Foto: Guillaume Bolduc via Unsplash

Behalve dat we voor driekwart onder water komen te staan, heeft de klimaatcrisis nog een vervelende consequentie voor Nederland: ze bedreigt ons verdienmodel. Dat is immers sinds jaar en dag het slepen met spullen. Internationale handel. Im- en export. Dat deden we al in de tijd van de Hanze, we perfectioneerden het in de Gouden Eeuw en we bouwden het verder uit in de eeuwen daarna. Waar de Spanjaarden zich richtten op het verzamelen van zo veel mogelijk goud, en de Engelsen op het veroveren van zo veel mogelijk land, daar waren onze voorouders altijd gericht op het drijven van handel. Goedschiks of kwaadschiks, dat dan weer wel.

Al snel leerden we dat het loonde om de ingevoerde spullen te bewerken. Dus we importeerden ijzererts en exporteerden staal. We importeerden aardolie en exporteerden kunststoffen. We importeerden veevoer en exporteerden varkensvlees. En we zagen banken, verzekeraars, advocatenkantoren en accountants zich specialiseren in het ondersteunen van deze ingewikkelde, wereldwijde productieketens. Zo kregen we een economie die voor een heel groot deel zijn geld verdient aan het slepen met spullen over de wereld.

Juist dat gesleep met spullen ligt nu onder vuur. Luchtvaart en zeescheepvaart dragen fors bij aan de CO2-uitstoot en zijn ook niet zo eenvoudig te vergroenen. Lokaal inkopen, korte ketens en een circulaire economie worden gezien als deel van de oplossing van het klimaatprobleem.

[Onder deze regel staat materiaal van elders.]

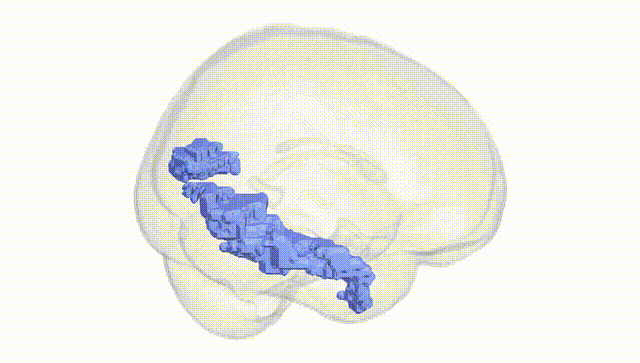 Full Brain White
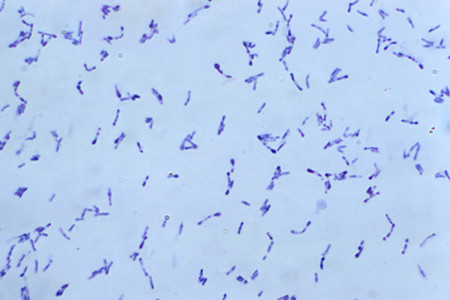 Cutaneous diptheria image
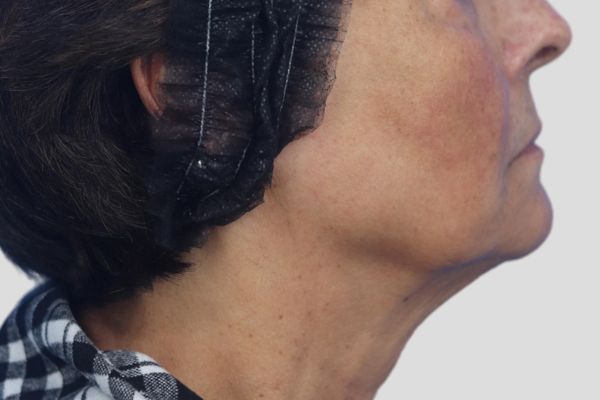 After treatment: Before and after RF Microneedling - 3 Treatments of Sylfirm X RF Microneedling with Exosomes – Brookfield WI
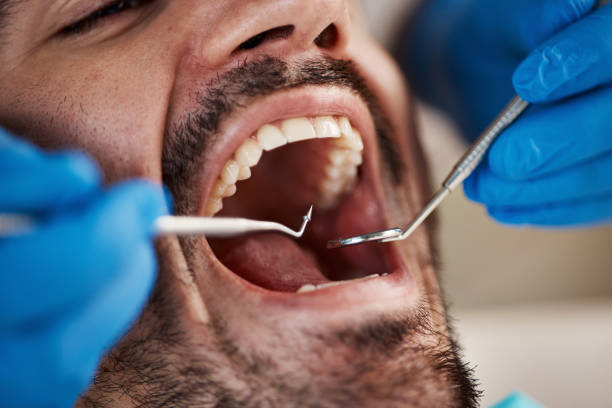 Best Emergency Root Canal Therapy in Crownsville, MD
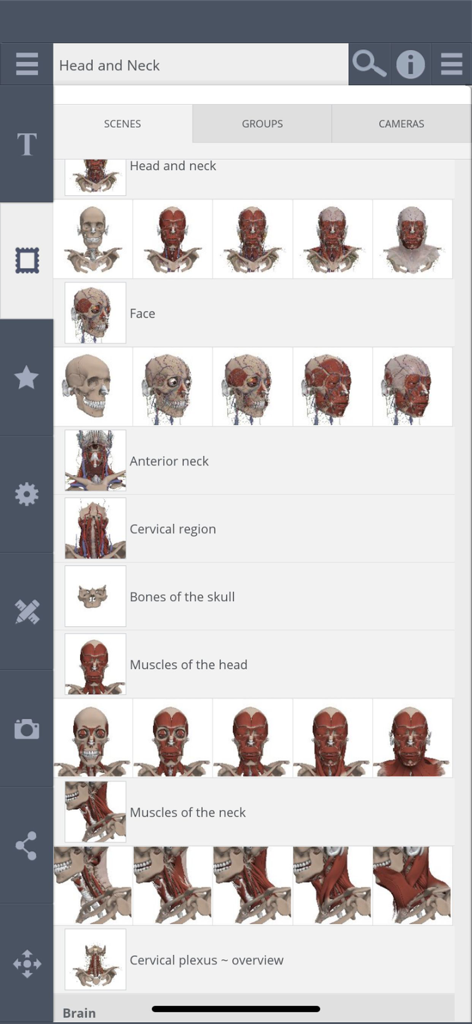 Primal's 3D Head & Neck - A gallery of 3D anatomical scenes showing various layers of the head and neck structures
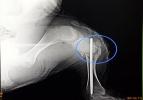 Bacağı kırılan buzağıya ameliyat
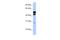 KLC2 antibody, A09860, Boster Biological Technology, Western Blot image 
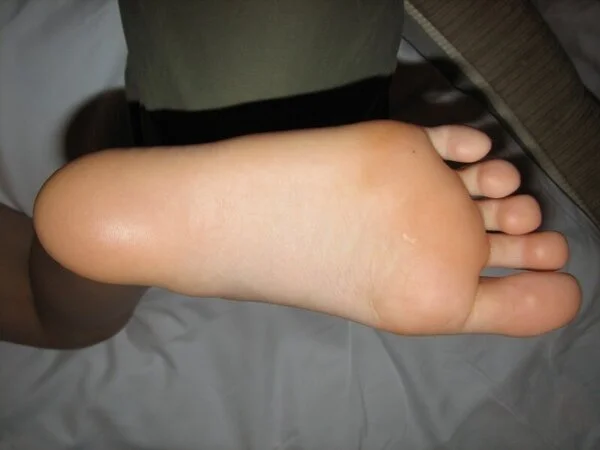 NO.6 18歳専門学生さんの足の裏写真集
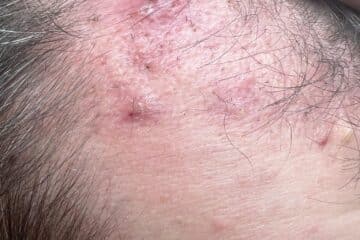 Pojava akni nakon transplantacije kose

Het zou heel goed nieuws zijn als we inderdaad voor een omslag staan en de Nederlandse economie minder gaat leunen op de internationale handel. Want we zijn dan wel heel trots op onze handelsgeest en onze multinationals, onze exportgerichtheid heeft ook nadelen. Het eerste nadeel is dat multinationals vaak het xtc-model volgen: ze importeren de grondstoffen, ze exporteren het eindproduct, en het afval dumpen ze in het bos. Bij wijze van spreken dan, hè. Het tweede nadeel is dat multinationals altijd lobbyen voor loonmatiging en lagere belastingen. Henry Ford verkocht zijn auto’s in Amerika, en hij begreep dat hij zijn arbeiders zo goed moest betalen dat ze een Ford konden kopen. Maar wie voor de export produceert heeft geen boodschap aan de koopkracht van zijn werknemers. Het derde nadeel is dat een multinational altijd alleen maar te gast is: een fabriek kan net zo goed duizend kilometer verderop staan. En het vierde nadeel is dat, zeker in Nederland, multinationals al snel heel groot en machtig zijn vergeleken met overheden, vakbonden en belangengroepen. Tata Steel is goed voor 10.000 banen in de regio IJmond. Dan wordt er geluisterd als je iets graag wilt.

Ik durf wel te stellen dat “regionalisering” van de economie niet alleen goed zou zijn voor milieu en klimaat, maar ook voor koopkracht, inkomensverdeling en de kwaliteit van de rechtsstaat.

Voorlopig zien we onze multinationals steeds duurzamere spullen over de wereld slepen. Dat is gerommel in de marge. Wat we nodig hebben om echt iets te veranderen is überhaupt minder gesleep met spullen. Maar slepen met spullen is al zo lang ons beste kunstje, dat het de vraag is of we nog iets anders kunnen verzinnen, voordat we kopje onder gaan.

Dit stuk verscheen eerder in NoordZ, de maandelijkse ondernemersbijlage bij het Dagblad van het Noorden en de Leeuwarder Courant.